━━━━━ Recorded information ━━━━━

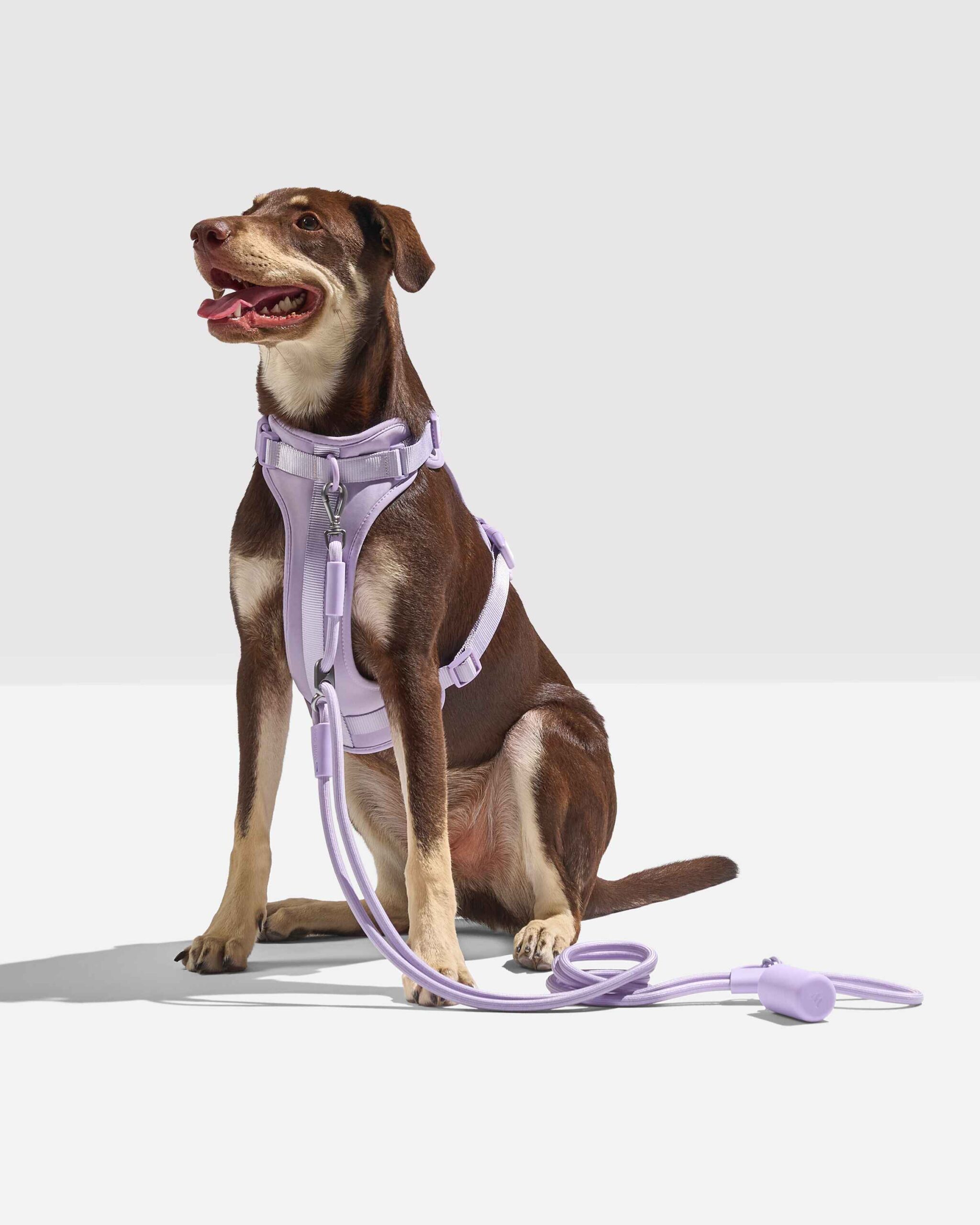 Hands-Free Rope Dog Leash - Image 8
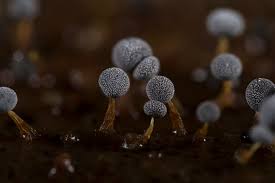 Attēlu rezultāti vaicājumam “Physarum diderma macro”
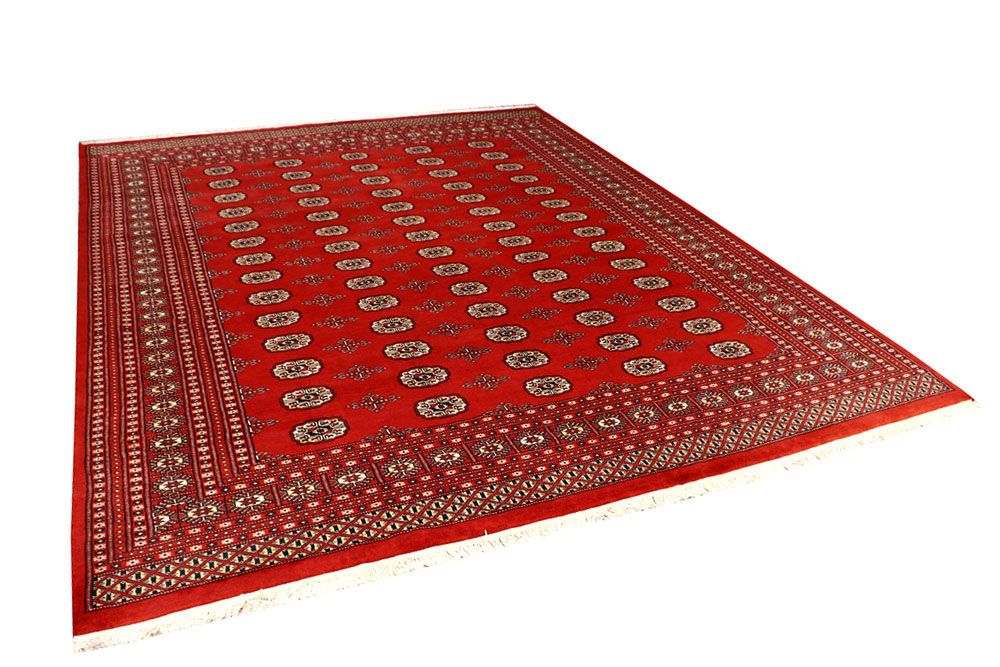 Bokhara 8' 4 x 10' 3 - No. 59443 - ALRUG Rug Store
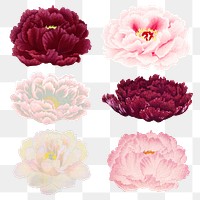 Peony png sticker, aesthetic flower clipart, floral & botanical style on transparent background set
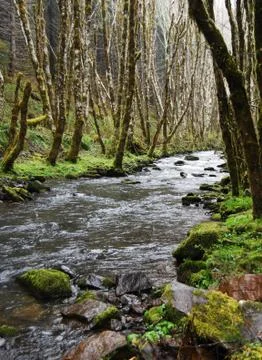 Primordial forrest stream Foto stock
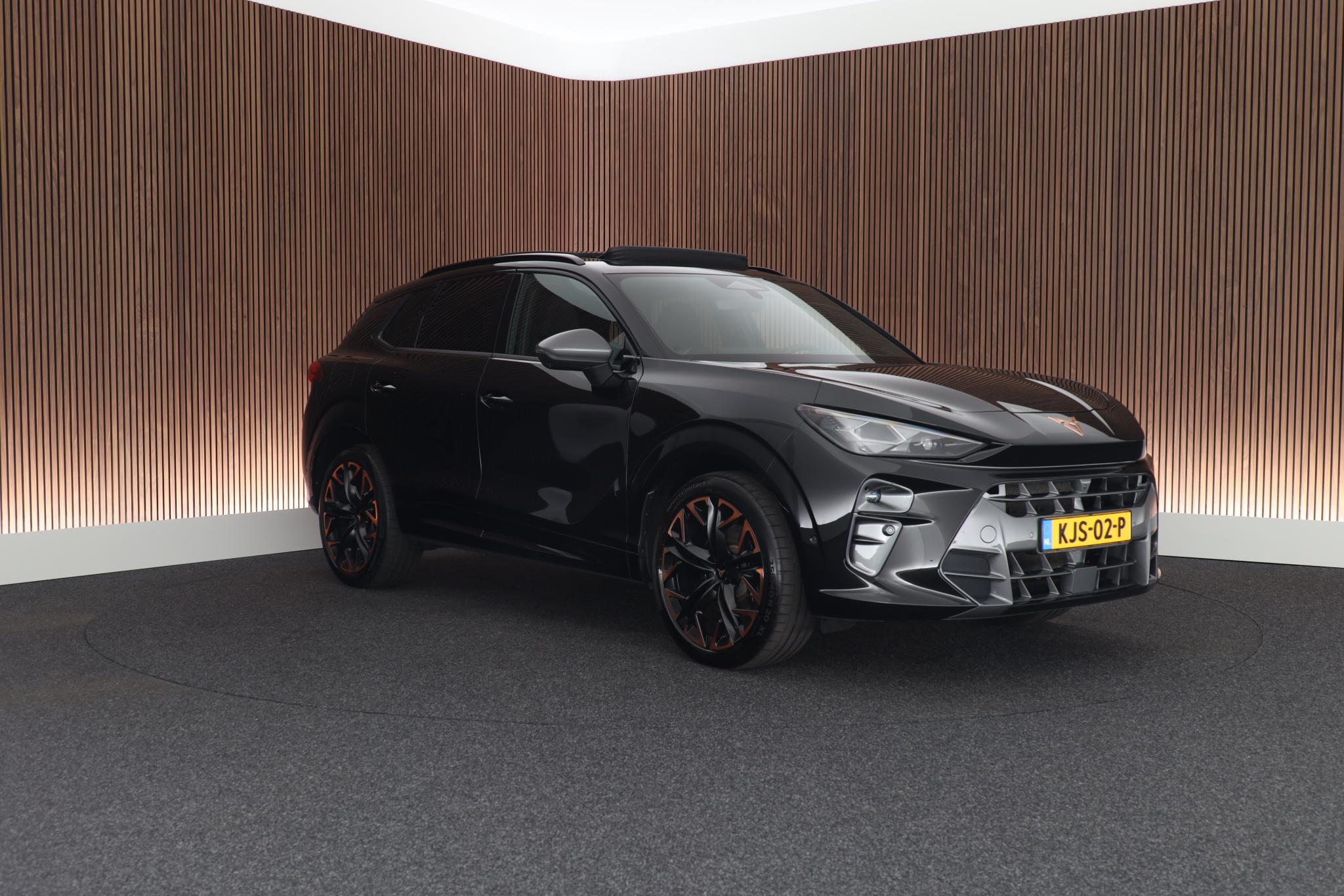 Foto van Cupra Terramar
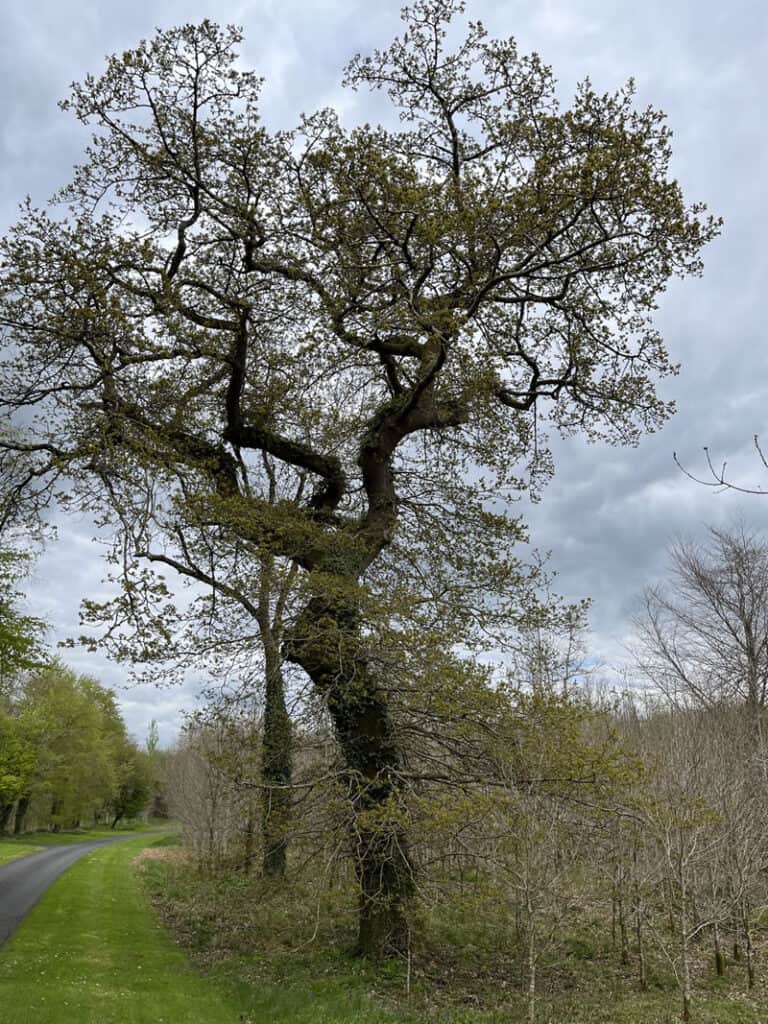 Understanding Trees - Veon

━━━━━
━━━━━ Recorded information ━━━━━

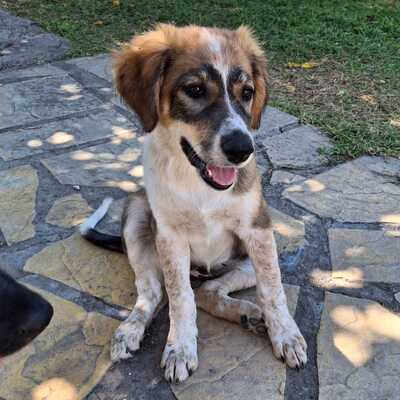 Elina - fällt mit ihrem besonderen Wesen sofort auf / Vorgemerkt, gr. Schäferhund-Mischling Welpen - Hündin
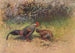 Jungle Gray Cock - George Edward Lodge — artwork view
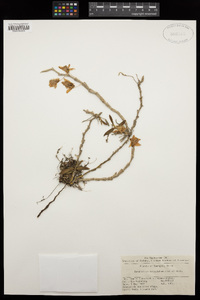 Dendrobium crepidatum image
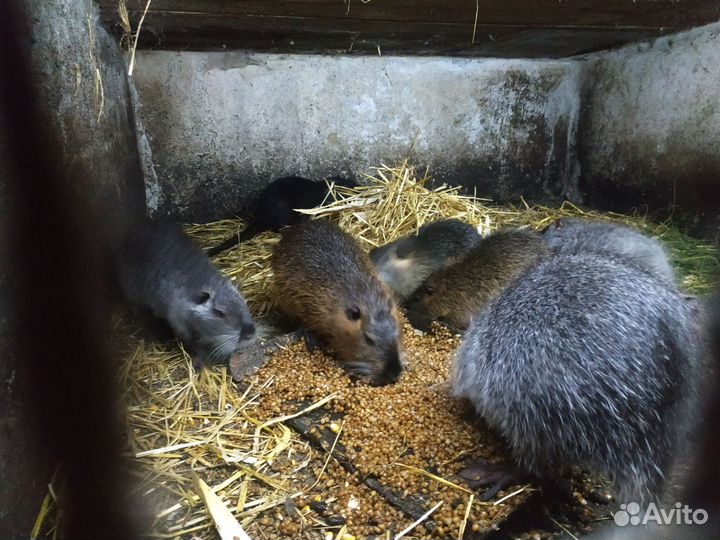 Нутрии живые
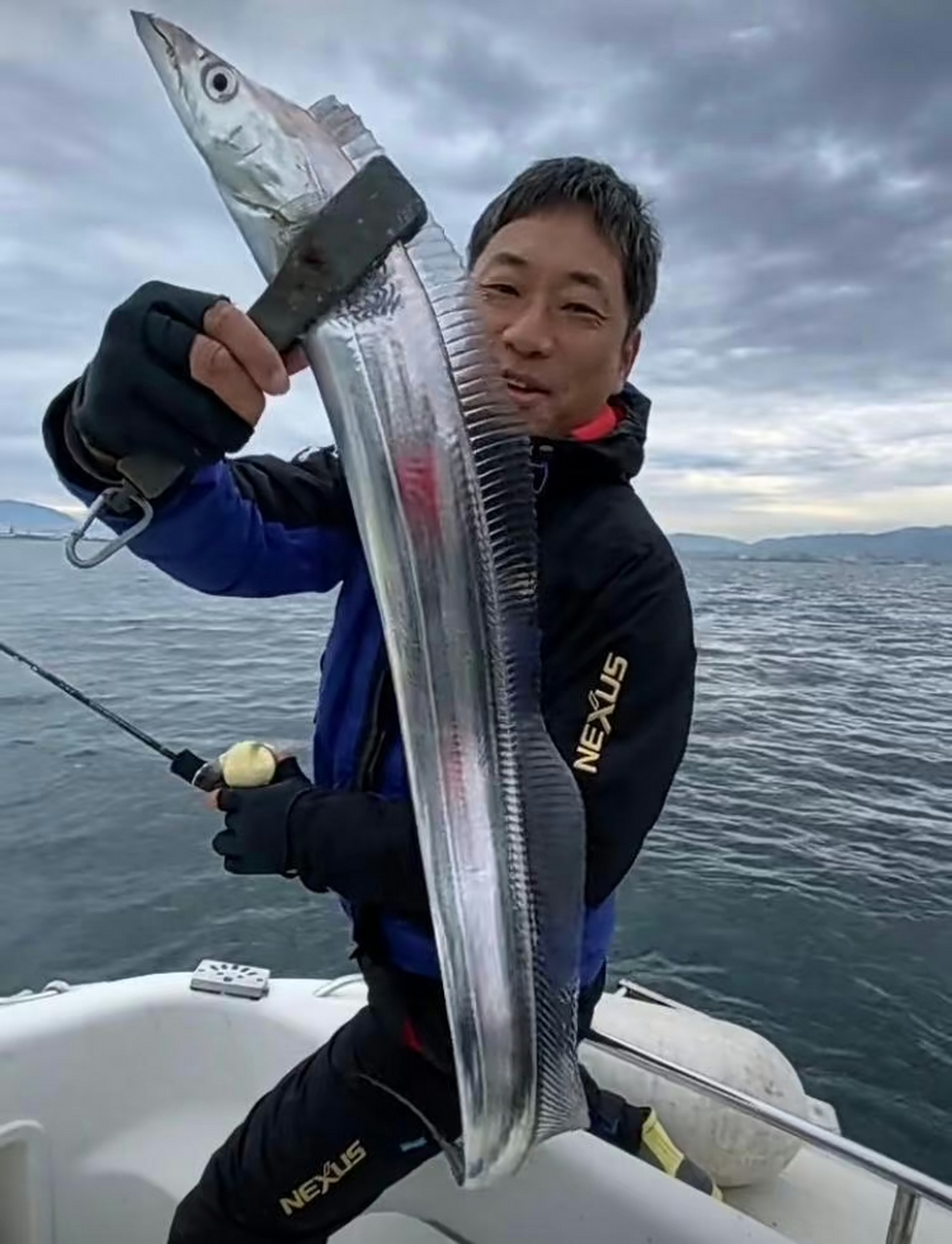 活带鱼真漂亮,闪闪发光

━━━━━

■ Problem details ■
Above are the records; restate exactly the lines from the one containing "Hands-Free Rope Dog Leash - Image 8" through the one containing "Understanding Trees - Veon", keeping pictures out.

■ Solved exercise ■
 Hands-Free Rope Dog Leash - Image 8
 Attēlu rezultāti vaicājumam “Physarum diderma macro”
 Bokhara 8' 4 x 10' 3 - No. 59443 - ALRUG Rug Store
 Peony png sticker, aesthetic flower clipart, floral & botanical style on transparent background set
 Primordial forrest stream Foto stock
 Foto van Cupra Terramar
 Understanding Trees - Veon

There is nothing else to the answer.